THE RECORDS:
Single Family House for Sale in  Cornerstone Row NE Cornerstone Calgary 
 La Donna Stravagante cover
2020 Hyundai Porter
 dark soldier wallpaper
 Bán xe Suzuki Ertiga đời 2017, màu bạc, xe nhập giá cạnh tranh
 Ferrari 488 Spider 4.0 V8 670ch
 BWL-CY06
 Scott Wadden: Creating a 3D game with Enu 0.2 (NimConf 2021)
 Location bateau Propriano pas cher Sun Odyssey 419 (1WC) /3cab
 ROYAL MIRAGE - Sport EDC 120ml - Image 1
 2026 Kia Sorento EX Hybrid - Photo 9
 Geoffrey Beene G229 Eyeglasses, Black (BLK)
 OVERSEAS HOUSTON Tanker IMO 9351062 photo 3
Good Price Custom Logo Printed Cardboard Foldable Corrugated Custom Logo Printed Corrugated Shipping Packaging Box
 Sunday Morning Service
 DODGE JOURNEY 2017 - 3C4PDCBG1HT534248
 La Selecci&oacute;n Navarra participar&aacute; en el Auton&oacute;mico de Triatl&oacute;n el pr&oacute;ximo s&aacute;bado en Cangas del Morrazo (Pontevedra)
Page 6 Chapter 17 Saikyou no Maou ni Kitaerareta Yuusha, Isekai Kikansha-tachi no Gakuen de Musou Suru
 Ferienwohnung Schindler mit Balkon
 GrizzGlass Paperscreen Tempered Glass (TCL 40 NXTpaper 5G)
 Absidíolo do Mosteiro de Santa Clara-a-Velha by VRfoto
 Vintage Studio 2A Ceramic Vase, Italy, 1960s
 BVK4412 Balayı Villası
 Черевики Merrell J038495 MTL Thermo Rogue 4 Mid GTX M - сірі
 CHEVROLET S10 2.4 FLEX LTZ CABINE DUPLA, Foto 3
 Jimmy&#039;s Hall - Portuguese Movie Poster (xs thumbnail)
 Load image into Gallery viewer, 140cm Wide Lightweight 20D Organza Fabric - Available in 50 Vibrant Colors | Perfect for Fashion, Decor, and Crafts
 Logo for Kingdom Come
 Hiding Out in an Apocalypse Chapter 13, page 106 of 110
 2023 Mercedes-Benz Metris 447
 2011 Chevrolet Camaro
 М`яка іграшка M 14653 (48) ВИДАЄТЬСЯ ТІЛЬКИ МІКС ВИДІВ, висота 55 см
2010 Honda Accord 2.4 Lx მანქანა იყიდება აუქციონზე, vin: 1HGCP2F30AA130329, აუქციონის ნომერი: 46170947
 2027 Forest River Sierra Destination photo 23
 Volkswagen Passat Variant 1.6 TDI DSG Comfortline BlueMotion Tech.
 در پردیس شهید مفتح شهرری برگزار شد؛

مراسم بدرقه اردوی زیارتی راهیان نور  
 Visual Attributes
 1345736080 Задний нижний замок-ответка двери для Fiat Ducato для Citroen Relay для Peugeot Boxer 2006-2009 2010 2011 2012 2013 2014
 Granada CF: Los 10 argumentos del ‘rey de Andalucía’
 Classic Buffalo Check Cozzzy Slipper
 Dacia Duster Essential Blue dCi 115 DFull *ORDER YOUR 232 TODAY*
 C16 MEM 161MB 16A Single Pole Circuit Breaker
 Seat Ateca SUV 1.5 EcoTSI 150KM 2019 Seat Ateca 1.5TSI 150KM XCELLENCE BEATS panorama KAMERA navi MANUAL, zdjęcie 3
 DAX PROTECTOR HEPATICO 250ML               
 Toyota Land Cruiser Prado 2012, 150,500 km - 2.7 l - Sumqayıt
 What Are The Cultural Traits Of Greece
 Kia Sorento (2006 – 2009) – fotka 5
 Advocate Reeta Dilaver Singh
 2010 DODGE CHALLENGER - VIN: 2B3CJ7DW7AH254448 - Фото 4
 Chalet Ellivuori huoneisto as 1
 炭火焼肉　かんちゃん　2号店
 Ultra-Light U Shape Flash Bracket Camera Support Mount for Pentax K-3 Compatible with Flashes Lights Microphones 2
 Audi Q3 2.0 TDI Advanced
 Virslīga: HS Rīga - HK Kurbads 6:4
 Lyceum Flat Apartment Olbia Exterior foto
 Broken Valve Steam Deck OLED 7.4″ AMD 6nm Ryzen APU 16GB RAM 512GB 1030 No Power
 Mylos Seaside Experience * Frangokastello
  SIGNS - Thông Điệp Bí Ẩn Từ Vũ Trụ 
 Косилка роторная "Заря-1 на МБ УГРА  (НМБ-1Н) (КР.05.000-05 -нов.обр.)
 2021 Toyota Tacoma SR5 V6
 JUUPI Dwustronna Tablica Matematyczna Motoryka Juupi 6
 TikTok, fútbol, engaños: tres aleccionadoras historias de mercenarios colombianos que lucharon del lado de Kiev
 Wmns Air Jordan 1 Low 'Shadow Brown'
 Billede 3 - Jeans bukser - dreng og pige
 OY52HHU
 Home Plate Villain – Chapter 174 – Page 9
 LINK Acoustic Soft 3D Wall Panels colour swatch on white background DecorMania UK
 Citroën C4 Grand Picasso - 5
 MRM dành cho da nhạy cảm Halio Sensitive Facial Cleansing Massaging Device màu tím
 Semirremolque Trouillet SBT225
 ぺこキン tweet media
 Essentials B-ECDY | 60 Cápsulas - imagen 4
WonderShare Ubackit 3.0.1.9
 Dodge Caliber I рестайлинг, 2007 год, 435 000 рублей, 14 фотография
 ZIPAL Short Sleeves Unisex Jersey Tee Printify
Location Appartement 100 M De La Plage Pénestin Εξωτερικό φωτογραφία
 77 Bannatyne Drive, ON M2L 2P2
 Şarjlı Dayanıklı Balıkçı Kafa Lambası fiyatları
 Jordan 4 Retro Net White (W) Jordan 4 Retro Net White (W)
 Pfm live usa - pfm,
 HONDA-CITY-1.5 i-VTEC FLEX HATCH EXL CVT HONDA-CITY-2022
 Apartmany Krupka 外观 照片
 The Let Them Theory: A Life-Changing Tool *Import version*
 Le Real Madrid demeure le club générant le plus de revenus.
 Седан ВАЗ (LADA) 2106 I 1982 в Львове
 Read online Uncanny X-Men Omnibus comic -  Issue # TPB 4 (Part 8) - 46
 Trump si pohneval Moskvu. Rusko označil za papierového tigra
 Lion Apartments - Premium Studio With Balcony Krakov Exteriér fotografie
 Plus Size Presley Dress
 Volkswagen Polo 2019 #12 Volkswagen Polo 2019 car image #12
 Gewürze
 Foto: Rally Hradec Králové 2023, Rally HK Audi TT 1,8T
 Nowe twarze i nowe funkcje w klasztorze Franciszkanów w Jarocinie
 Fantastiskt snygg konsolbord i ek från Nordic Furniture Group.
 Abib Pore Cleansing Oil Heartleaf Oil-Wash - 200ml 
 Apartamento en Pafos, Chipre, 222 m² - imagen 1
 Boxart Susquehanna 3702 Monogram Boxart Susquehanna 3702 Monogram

TASK DETAILS:
Search the records for the string "Volkswagen" and report each line that has it.

SOLUTION FOR THIS PROBLEM:
 Volkswagen Passat Variant 1.6 TDI DSG Comfortline BlueMotion Tech.
 Volkswagen Polo 2019 #12 Volkswagen Polo 2019 car image #12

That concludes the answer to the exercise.